"İçtihat Metni"
MAHKEMESİ : Diyarbakır Bölge Adliye Mahkemesi 5. Hukuk Dairesi
SAYISI : 2021/852 E., 2021/979 K.
HÜKÜM/KARAR : Red/ Kabul
İLK DERECE MAHKEMESİ : ... Asliye Hukuk Mahkemesi
SAYISI : 2020/309 E., 2021/346 K.
Taraflar arasındaki tapu iptali ve tescil davasından dolayı yapılan yargılama sonunda İlk Derece Mahkemesince davanın hak düşürücü süre nedeniyle reddine karar verilmiştir.

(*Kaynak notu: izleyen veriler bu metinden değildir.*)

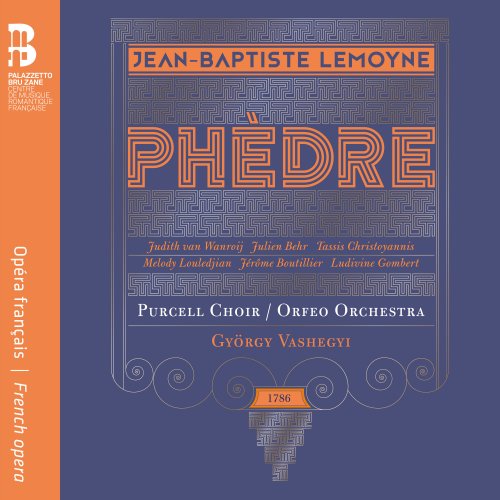 Purcell Choir, Orfeo Orchestra & György Vashegyi - Lemoyne: Phèdre (2020) [Hi-Res]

Kararın davacı tarafından istinaf edilmesi üzerine, Bölge Adliye Mahkemesince istinaf başvurusunun vekalet ücreti yönünden kabulü ile İlk Derece Mahkemesi kararının düzeltilerek esas hakkında yeniden hüküm kurulmasına karar verilmiştir.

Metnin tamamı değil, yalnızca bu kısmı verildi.